2014-08-16 07:59:00

Il Papa beatifica a Seoul 124 martiri: mettere Cristo al di sopra di tutto


I martiri ci ricordano che bisogna mettere Cristo al di sopra di tutto e non scendere a compromessi con la fede. E’ uno dei passaggi forti dell’omelia di Papa Francesco nella Messa di beatificazione di Paul Yun Ji-Chung e 123 compagni martiri, avvenuta a Seoul presso la Porta di Gwanghwamun. Alla celebrazione hanno preso parte circa 800 mila persone. Da Seoul, il servizio del nostro inviato Davide Dionisi:

“L’eredità dei martiri può ispirare tutti gli uomini e le donne di buona volontà ad operare in armonia per una società più giusta, libera e riconciliata, contribuendo così alla pace e alla difesa dei valori autenticamente umani in questo Paese e nel mondo intero”.

L’eroico sacrificio di tanti martiri ha reso fecondo e ricco di prospettive future la Corea. Grazie a loro, il Vangelo di Cristo è cresciuto come albero adulto ed i frutti si espandono anche fuori del proprio Paese e del Continente asiatico. A Gwanghwamun, luogo simbolo di Seoul, Papa Francesco ha presieduto la Messa di beatificazione di 124 martiri, davanti ad 800mila fedeli. Durante l’omelia il Pontefice ha ricordato la vittoria e la testimonianza di chi ha pagato con il supremo sacrificio la loro fede in Dio. Paolo Yun Ji-chung e i suoi compagni hanno sigillato la loro missione di precursori con il martirio e da qui è scaturito il seme di nuovi cristiani:

“Il loro esempio ha molto da dire a noi, che viviamo in società dove, accanto ad immense ricchezze, cresce in modo silenzioso la più abbietta povertà; dove raramente viene ascoltato il grido dei poveri; e dove Cristo continua a chiamare, ci chiede di amarlo e servirlo tendendo la mano ai nostri fratelli e sorelle bisognosi”.

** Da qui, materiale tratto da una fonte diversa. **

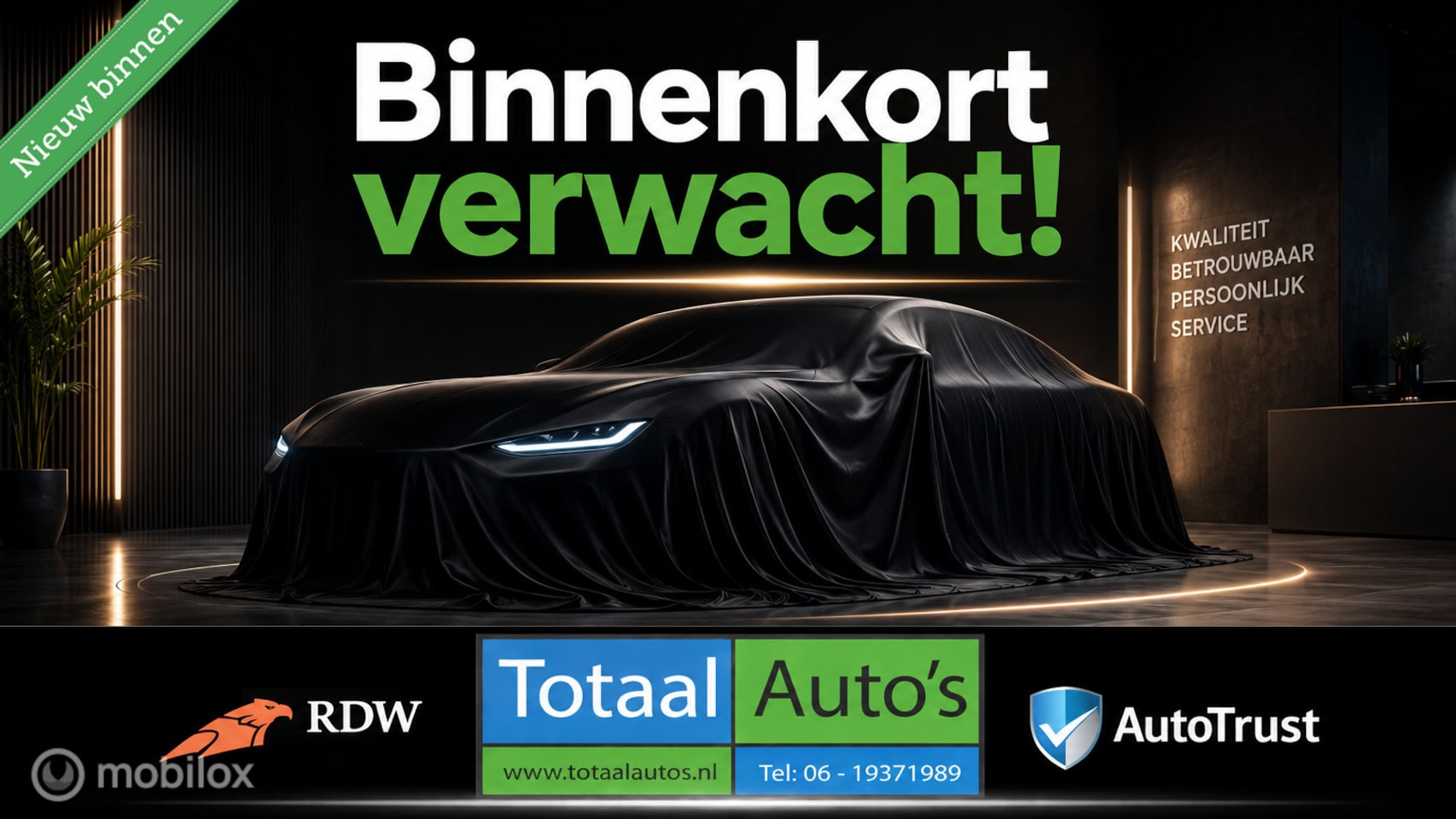 Mazda MX-5 - 1.8 Kyudo*Hardtop*Navi*P-Cam*NL*Cruise*P-Sens. - AutoWereld.nl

L’esempio dei martiri, inoltre, ci insegna l’importanza della carità nella vita di fede e la loro eredità può ispirare tutti gli uomini e le donne di buona volontà ad operare in armonia per una società più giusta, libera e riconciliata. Ispirare soprattutto i laici i primi apostoli nella Corea, coloro che evangelizzarono il Paese. Caso singolare per un'area del mondo che, nonostante i numeri sempre in crescita dei fedeli, non ha conosciuto la parola di Dio da missionari:

Nella misteriosa provvidenza di Dio, la fede cristiana non giunse ai lidi della Corea attraverso missionari; vi entrò attraverso i cuori e le menti della gente coreana stessa. Essa fu stimolata dalla curiosità intellettuale, dalla ricerca della verità religiosa. Attraverso un iniziale incontro con il Vangelo, i primi cristiani coreani aprirono le loro menti a Gesù. Volevano conoscerlo di più, questo Cristo che ha sofferto, è morto ed è risorto dai morti”.

La Chiesa cattolica in Corea è cresciuta sul sangue dei martiri e si è dimostrata un buon esempio per la società coreana promuovendo la giustizia e i diritti umani, ha sottolineato l’arcivescovo di Seoul, card. Andrea Yeum Soo-jung, nel suo indirizzo di saluto al Papa. Il porporato si è detto convinto che questa beatificazione sarà un'occasione per realizzare la concordia e l'unità non solo dei cattolici coreani ma anche del popolo coreano e di tutti gli altri popoli asiatici, attraverso lo scambio della fraternità universale.

Essere martiri vuol dire soprattutto essere testimoni di Gesù. E a proposito di testimonianza, prima della Messa il Santo Padre si è fermato ancora una volta a salutare i familiari delle vittime del traghetto. Il suo abbraccio e la condivisione del dolore, nei giorni scorsi, ha suscitato tanta commozione e i quotidiani locali dedicano ai gesti di affetto e di condivisione del dolore ampi spazi. Anche perché, oltre ai segni e alle parole, il Papa continua ad indossare il piccolo nastro ripiegato ad anello di colore giallo, simbolo di vicinanza e solidarietà nei confronti delle vittime.